Records from a collection
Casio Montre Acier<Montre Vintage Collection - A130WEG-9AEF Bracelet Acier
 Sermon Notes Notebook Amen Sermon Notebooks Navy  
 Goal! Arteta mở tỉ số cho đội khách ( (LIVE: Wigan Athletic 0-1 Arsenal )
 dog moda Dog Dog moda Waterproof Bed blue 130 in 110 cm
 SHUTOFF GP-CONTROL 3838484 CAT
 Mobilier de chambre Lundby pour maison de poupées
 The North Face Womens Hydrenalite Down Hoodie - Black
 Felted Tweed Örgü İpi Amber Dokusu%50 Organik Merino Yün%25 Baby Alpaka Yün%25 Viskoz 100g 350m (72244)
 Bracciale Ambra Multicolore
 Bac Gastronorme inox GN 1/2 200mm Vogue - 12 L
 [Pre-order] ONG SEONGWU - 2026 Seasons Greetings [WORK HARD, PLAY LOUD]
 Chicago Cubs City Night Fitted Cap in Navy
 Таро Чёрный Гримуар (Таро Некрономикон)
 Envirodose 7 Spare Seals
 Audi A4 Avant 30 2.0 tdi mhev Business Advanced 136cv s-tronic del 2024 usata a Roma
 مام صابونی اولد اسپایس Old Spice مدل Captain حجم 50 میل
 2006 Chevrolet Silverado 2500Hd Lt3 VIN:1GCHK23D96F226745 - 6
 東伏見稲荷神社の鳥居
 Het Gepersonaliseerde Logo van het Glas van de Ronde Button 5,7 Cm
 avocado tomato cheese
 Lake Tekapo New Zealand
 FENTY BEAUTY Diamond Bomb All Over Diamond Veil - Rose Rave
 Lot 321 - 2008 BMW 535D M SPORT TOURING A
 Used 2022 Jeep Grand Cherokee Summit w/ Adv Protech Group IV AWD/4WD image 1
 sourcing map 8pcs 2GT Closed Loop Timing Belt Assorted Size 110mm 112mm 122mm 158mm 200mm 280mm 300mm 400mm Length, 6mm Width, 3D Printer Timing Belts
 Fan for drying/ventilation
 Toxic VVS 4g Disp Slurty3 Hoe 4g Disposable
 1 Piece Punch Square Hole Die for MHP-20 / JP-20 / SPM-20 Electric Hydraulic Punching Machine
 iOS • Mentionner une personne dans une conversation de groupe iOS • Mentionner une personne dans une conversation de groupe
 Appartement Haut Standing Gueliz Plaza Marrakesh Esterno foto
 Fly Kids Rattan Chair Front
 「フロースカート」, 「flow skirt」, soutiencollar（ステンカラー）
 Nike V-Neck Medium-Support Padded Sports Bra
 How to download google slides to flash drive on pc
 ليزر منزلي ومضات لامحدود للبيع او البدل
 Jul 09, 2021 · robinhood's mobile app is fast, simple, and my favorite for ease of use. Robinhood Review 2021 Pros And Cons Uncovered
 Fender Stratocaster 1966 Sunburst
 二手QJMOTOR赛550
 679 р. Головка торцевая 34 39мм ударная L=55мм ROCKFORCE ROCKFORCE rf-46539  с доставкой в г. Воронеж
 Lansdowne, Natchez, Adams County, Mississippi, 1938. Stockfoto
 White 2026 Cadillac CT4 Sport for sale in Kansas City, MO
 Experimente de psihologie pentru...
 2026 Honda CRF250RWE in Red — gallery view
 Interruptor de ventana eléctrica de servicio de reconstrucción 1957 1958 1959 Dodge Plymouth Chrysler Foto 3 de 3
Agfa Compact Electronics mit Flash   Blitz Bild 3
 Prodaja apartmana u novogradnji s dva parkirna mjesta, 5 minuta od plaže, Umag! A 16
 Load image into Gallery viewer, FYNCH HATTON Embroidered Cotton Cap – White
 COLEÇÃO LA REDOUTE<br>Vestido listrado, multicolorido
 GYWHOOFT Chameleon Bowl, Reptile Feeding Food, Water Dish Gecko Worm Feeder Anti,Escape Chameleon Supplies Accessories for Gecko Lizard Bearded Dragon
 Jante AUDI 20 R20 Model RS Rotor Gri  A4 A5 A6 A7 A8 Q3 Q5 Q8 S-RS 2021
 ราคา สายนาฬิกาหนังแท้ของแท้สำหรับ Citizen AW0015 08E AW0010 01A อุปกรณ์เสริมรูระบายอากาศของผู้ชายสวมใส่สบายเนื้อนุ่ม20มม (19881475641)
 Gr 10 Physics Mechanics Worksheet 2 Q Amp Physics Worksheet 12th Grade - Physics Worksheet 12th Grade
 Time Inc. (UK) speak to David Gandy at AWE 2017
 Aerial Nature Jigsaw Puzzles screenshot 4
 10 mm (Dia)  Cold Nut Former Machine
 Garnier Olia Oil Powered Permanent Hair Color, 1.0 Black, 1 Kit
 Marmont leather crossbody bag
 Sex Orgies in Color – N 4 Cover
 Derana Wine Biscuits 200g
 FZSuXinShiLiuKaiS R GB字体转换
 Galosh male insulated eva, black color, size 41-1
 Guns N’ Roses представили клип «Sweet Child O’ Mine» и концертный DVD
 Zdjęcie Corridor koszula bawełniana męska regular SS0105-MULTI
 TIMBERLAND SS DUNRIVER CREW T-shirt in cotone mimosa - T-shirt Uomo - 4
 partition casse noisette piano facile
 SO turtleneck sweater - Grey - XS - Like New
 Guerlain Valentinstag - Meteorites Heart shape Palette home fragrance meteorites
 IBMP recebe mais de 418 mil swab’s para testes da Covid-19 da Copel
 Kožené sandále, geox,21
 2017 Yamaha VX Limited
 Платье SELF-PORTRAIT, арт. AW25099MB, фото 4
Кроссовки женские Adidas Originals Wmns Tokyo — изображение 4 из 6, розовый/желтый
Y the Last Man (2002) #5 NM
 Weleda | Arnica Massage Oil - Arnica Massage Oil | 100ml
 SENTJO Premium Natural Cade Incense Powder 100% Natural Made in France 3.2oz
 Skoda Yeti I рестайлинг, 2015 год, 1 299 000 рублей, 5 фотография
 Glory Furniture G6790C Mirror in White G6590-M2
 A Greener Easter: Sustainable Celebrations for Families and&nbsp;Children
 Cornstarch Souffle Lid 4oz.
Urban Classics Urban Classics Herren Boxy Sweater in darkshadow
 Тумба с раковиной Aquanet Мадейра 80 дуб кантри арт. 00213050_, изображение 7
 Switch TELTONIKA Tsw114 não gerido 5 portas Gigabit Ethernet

## Exercise
Copy every record exactly, with nothing added or dropped.

## Response to this exercise
Casio Montre Acier<Montre Vintage Collection - A130WEG-9AEF Bracelet Acier
 Sermon Notes Notebook Amen Sermon Notebooks Navy  
 Goal! Arteta mở tỉ số cho đội khách ( (LIVE: Wigan Athletic 0-1 Arsenal )
 dog moda Dog Dog moda Waterproof Bed blue 130 in 110 cm
 SHUTOFF GP-CONTROL 3838484 CAT
 Mobilier de chambre Lundby pour maison de poupées
 The North Face Womens Hydrenalite Down Hoodie - Black
 Felted Tweed Örgü İpi Amber Dokusu%50 Organik Merino Yün%25 Baby Alpaka Yün%25 Viskoz 100g 350m (72244)
 Bracciale Ambra Multicolore
 Bac Gastronorme inox GN 1/2 200mm Vogue - 12 L
 [Pre-order] ONG SEONGWU - 2026 Seasons Greetings [WORK HARD, PLAY LOUD]
 Chicago Cubs City Night Fitted Cap in Navy
 Таро Чёрный Гримуар (Таро Некрономикон)
 Envirodose 7 Spare Seals
 Audi A4 Avant 30 2.0 tdi mhev Business Advanced 136cv s-tronic del 2024 usata a Roma
 مام صابونی اولد اسپایس Old Spice مدل Captain حجم 50 میل
 2006 Chevrolet Silverado 2500Hd Lt3 VIN:1GCHK23D96F226745 - 6
 東伏見稲荷神社の鳥居
 Het Gepersonaliseerde Logo van het Glas van de Ronde Button 5,7 Cm
 avocado tomato cheese
 Lake Tekapo New Zealand
 FENTY BEAUTY Diamond Bomb All Over Diamond Veil - Rose Rave
 Lot 321 - 2008 BMW 535D M SPORT TOURING A
 Used 2022 Jeep Grand Cherokee Summit w/ Adv Protech Group IV AWD/4WD image 1
 sourcing map 8pcs 2GT Closed Loop Timing Belt Assorted Size 110mm 112mm 122mm 158mm 200mm 280mm 300mm 400mm Length, 6mm Width, 3D Printer Timing Belts
 Fan for drying/ventilation
 Toxic VVS 4g Disp Slurty3 Hoe 4g Disposable
 1 Piece Punch Square Hole Die for MHP-20 / JP-20 / SPM-20 Electric Hydraulic Punching Machine
 iOS • Mentionner une personne dans une conversation de groupe iOS • Mentionner une personne dans une conversation de groupe
 Appartement Haut Standing Gueliz Plaza Marrakesh Esterno foto
 Fly Kids Rattan Chair Front
 「フロースカート」, 「flow skirt」, soutiencollar（ステンカラー）
 Nike V-Neck Medium-Support Padded Sports Bra
 How to download google slides to flash drive on pc
 ليزر منزلي ومضات لامحدود للبيع او البدل
 Jul 09, 2021 · robinhood's mobile app is fast, simple, and my favorite for ease of use. Robinhood Review 2021 Pros And Cons Uncovered
 Fender Stratocaster 1966 Sunburst
 二手QJMOTOR赛550
 679 р. Головка торцевая 34 39мм ударная L=55мм ROCKFORCE ROCKFORCE rf-46539  с доставкой в г. Воронеж
 Lansdowne, Natchez, Adams County, Mississippi, 1938. Stockfoto
 White 2026 Cadillac CT4 Sport for sale in Kansas City, MO
 Experimente de psihologie pentru...
 2026 Honda CRF250RWE in Red — gallery view
 Interruptor de ventana eléctrica de servicio de reconstrucción 1957 1958 1959 Dodge Plymouth Chrysler Foto 3 de 3
Agfa Compact Electronics mit Flash   Blitz Bild 3
 Prodaja apartmana u novogradnji s dva parkirna mjesta, 5 minuta od plaže, Umag! A 16
 Load image into Gallery viewer, FYNCH HATTON Embroidered Cotton Cap – White
 COLEÇÃO LA REDOUTE<br>Vestido listrado, multicolorido
 GYWHOOFT Chameleon Bowl, Reptile Feeding Food, Water Dish Gecko Worm Feeder Anti,Escape Chameleon Supplies Accessories for Gecko Lizard Bearded Dragon
 Jante AUDI 20 R20 Model RS Rotor Gri  A4 A5 A6 A7 A8 Q3 Q5 Q8 S-RS 2021
 ราคา สายนาฬิกาหนังแท้ของแท้สำหรับ Citizen AW0015 08E AW0010 01A อุปกรณ์เสริมรูระบายอากาศของผู้ชายสวมใส่สบายเนื้อนุ่ม20มม (19881475641)
 Gr 10 Physics Mechanics Worksheet 2 Q Amp Physics Worksheet 12th Grade - Physics Worksheet 12th Grade
 Time Inc. (UK) speak to David Gandy at AWE 2017
 Aerial Nature Jigsaw Puzzles screenshot 4
 10 mm (Dia)  Cold Nut Former Machine
 Garnier Olia Oil Powered Permanent Hair Color, 1.0 Black, 1 Kit
 Marmont leather crossbody bag
 Sex Orgies in Color – N 4 Cover
 Derana Wine Biscuits 200g
 FZSuXinShiLiuKaiS R GB字体转换
 Galosh male insulated eva, black color, size 41-1
 Guns N’ Roses представили клип «Sweet Child O’ Mine» и концертный DVD
 Zdjęcie Corridor koszula bawełniana męska regular SS0105-MULTI
 TIMBERLAND SS DUNRIVER CREW T-shirt in cotone mimosa - T-shirt Uomo - 4
 partition casse noisette piano facile
 SO turtleneck sweater - Grey - XS - Like New
 Guerlain Valentinstag - Meteorites Heart shape Palette home fragrance meteorites
 IBMP recebe mais de 418 mil swab’s para testes da Covid-19 da Copel
 Kožené sandále, geox,21
 2017 Yamaha VX Limited
 Платье SELF-PORTRAIT, арт. AW25099MB, фото 4
Кроссовки женские Adidas Originals Wmns Tokyo — изображение 4 из 6, розовый/желтый
Y the Last Man (2002) #5 NM
 Weleda | Arnica Massage Oil - Arnica Massage Oil | 100ml
 SENTJO Premium Natural Cade Incense Powder 100% Natural Made in France 3.2oz
 Skoda Yeti I рестайлинг, 2015 год, 1 299 000 рублей, 5 фотография
 Glory Furniture G6790C Mirror in White G6590-M2
 A Greener Easter: Sustainable Celebrations for Families and&nbsp;Children
 Cornstarch Souffle Lid 4oz.
Urban Classics Urban Classics Herren Boxy Sweater in darkshadow
 Тумба с раковиной Aquanet Мадейра 80 дуб кантри арт. 00213050_, изображение 7
 Switch TELTONIKA Tsw114 não gerido 5 portas Gigabit Ethernet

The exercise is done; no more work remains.